WHAT THE EXERCISE ASKS: Only the lines from the first line of the data through the line containing "Lada (ВАЗ) Vesta" belong in the answer, transcribed exactly; pictures do not.

EXTRACTED DATA:
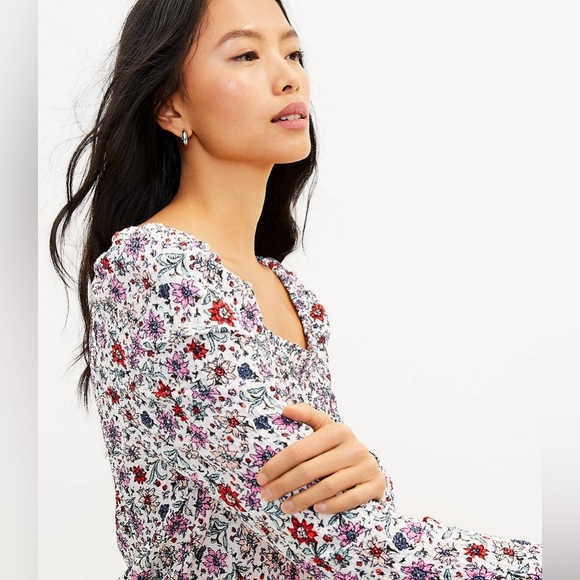 LOFT Bloom Smocked Square Neck Top Long Sleeves Size Small NWTs - Picture 2 of 5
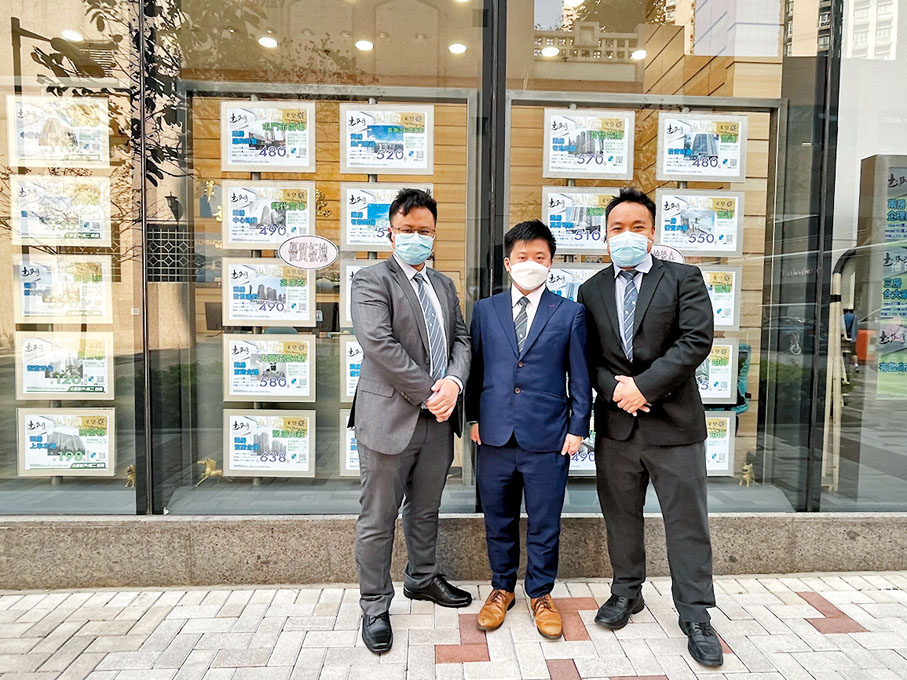 ◆左起為祥益高級客戶主任徐福成、高級物業顧問楊樂生和客戶主任蘇少鴻 。
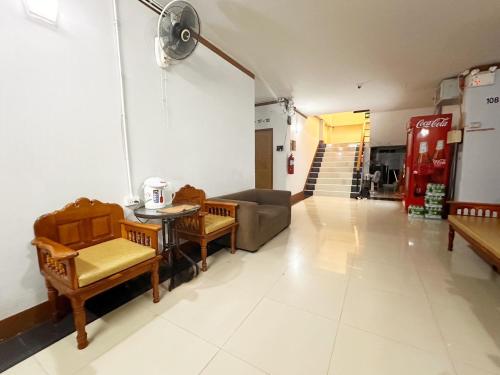 โรงแรมเพ็ญพิศ in Amnat Charoen โรงแรมเพ็ญพิศ in Amnat Charoen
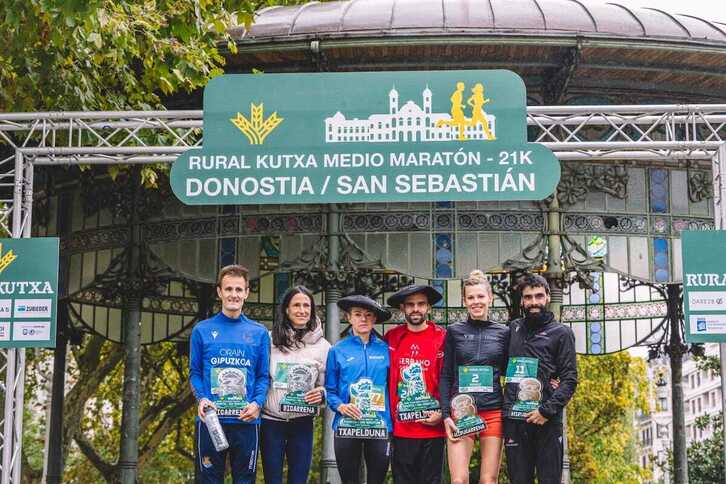 Bossy eta Pelayo, txapelekin, Donostiako Maratoi Erdiko podiumean.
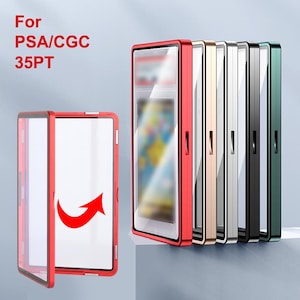 Puede incluir: Un conjunto de estuches magnéticos rectangulares para tarjetas PSA/CGC 35PT, con diseño abatible en acabados metálicos rojo, dorado, plateado, negro y verde. Los estuches tienen paneles transparentes y un gráfico de flecha roja indicativa.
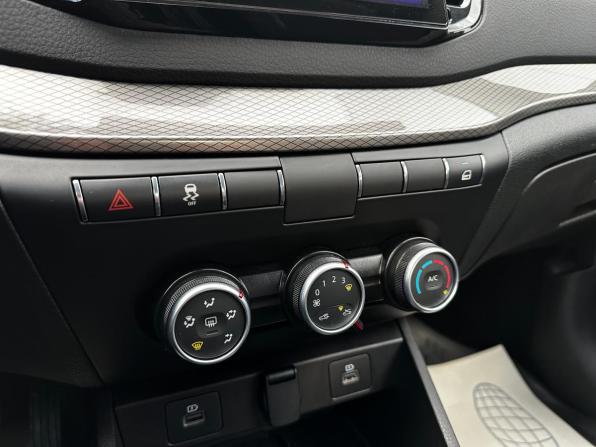 Lada (ВАЗ) Vesta I Рестайлинг (NG) с пробегом 2024 года, цена 1 285 000 рублей, 13300 км, седан, Автокод Объявления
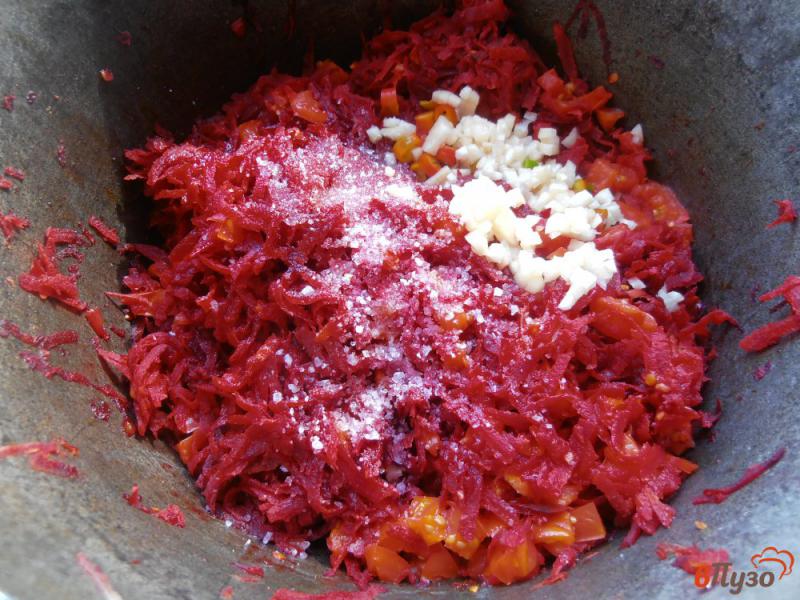 Фото приготовление рецепта: Салат на зиму из свеклы «Алёнка» шаг №7
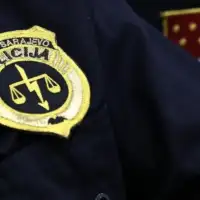 policija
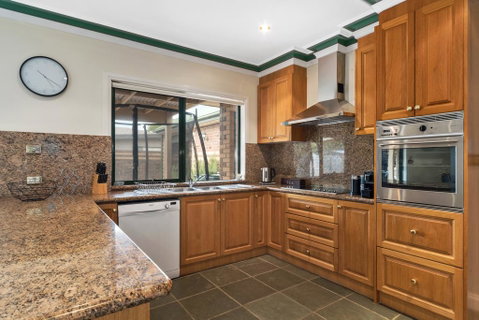 Villa Di Morcone By The Bay - Melbourne Tourism 2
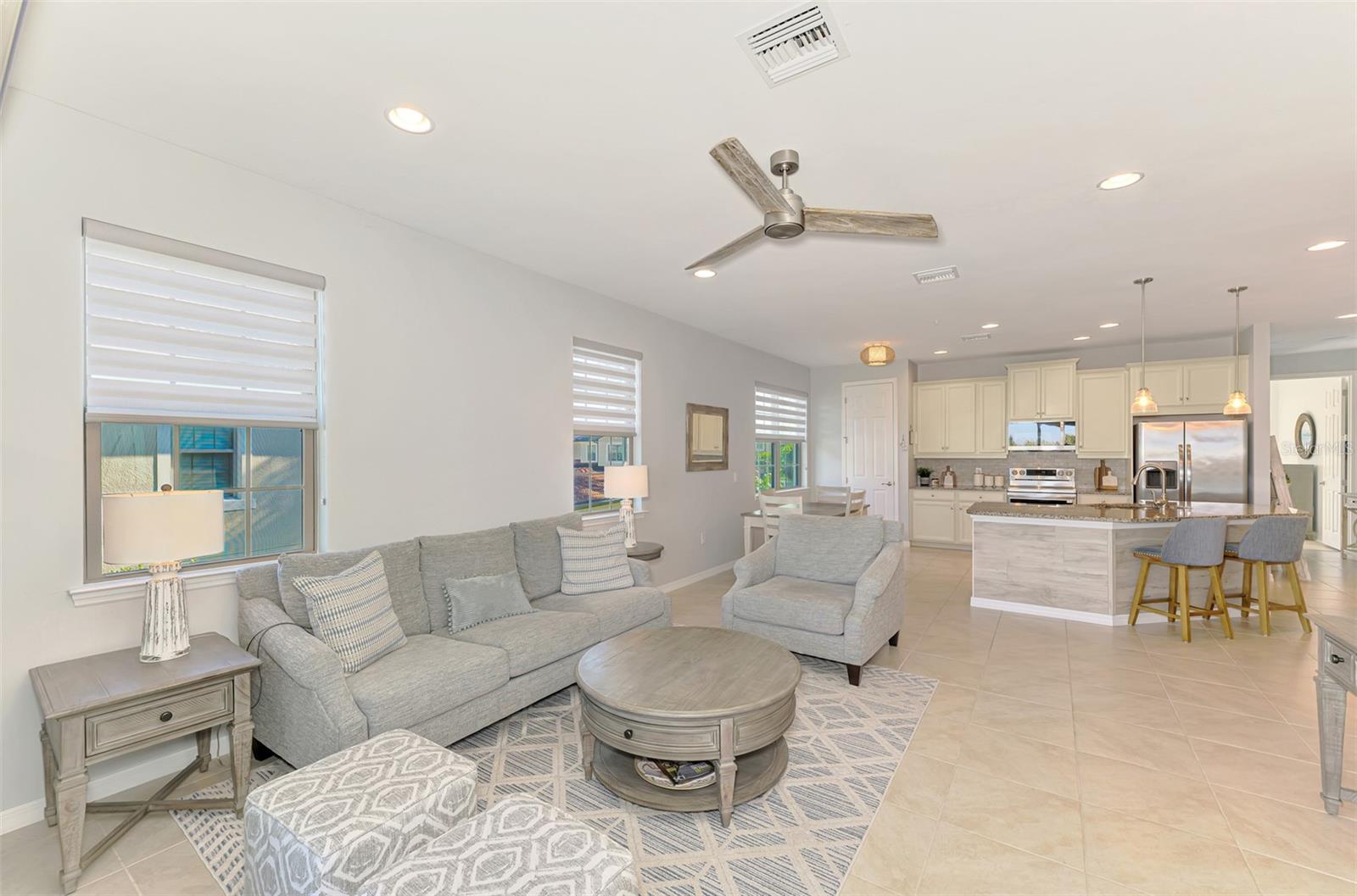 Image 26 of 91 For 113 Porta Vecchio Bend 202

FINISHED EXERCISE:
 LOFT Bloom Smocked Square Neck Top Long Sleeves Size Small NWTs - Picture 2 of 5
 ◆左起為祥益高級客戶主任徐福成、高級物業顧問楊樂生和客戶主任蘇少鴻 。
 โรงแรมเพ็ญพิศ in Amnat Charoen โรงแรมเพ็ญพิศ in Amnat Charoen
 Bossy eta Pelayo, txapelekin, Donostiako Maratoi Erdiko podiumean.
 Puede incluir: Un conjunto de estuches magnéticos rectangulares para tarjetas PSA/CGC 35PT, con diseño abatible en acabados metálicos rojo, dorado, plateado, negro y verde. Los estuches tienen paneles transparentes y un gráfico de flecha roja indicativa.
 Lada (ВАЗ) Vesta I Рестайлинг (NG) с пробегом 2024 года, цена 1 285 000 рублей, 13300 км, седан, Автокод Объявления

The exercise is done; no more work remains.